Add the following option:

sdhci_bcm2708.enable_llm=0

Reboot

pi@raspberry ~$ sudo /sbin/reboot

Latency Evaluation

For sure, you want to know the latency bounds achieved with the RT Preempt patch. To this end, you can use the tool cyclictest with the following test case:

  • clock_nanosleep(TIMER_ABSTIME)
  • Cycle interval 500 micro-seconds
  • 100,000 loops
  • 100 % load generated by running the following commands in parallel:
    • On the Pi:
      pi@raspberry ~$ cat /dev/zero > /dev/null
    • From another host:
      user@host ~$ sudo ping -i 0.01 raspberrypi
  • 1 thread (I used a Raspberry Pi model B with only one core)
  • Locked memory
  • Process priority 80
pi@raspberry ~$ git clone git://git.kernel.org/pub/scm/linux/kernel/git/clrkwllms/rt-tests.git
pi@raspberry ~$ cd rt-tests/
pi@raspberry ~/rt-test$ make all
pi@raspberry ~/rt-test$ sudo ./cyclictest -m -t1 -p 80 -n -i 500 -l 100000

On a Raspberry Pi model B at 700 MHz, I got the following results:

T: 0 ( 976) P:80 I:500 C: 100000 Min: 23 Act: 40 Avg: 37 Max: 95

With some more tests, the worst case latency sometimes reached about 166 microseconds.

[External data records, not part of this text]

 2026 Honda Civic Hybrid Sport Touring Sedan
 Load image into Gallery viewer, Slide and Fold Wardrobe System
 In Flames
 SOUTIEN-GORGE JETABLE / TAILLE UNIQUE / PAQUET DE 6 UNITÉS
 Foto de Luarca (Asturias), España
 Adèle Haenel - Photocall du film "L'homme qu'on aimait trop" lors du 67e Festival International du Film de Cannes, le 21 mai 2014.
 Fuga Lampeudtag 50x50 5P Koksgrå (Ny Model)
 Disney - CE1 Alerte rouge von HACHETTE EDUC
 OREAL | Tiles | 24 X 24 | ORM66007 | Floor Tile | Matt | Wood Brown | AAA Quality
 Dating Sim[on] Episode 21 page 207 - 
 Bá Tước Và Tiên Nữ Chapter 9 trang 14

Adding a safety margin, this should be safe for cycletimes of 1 ms.

I also observed that using other timers than clock_nanosleep(TIMER_ABSTIME)—e.g., system timers (sys_nanosleep and sys_setitimer)—, the latency was much higher with maximum values above 1 ms. Thus, for low latencies, I would only rely on clock_nanosleep(TIMER_ABSTIME).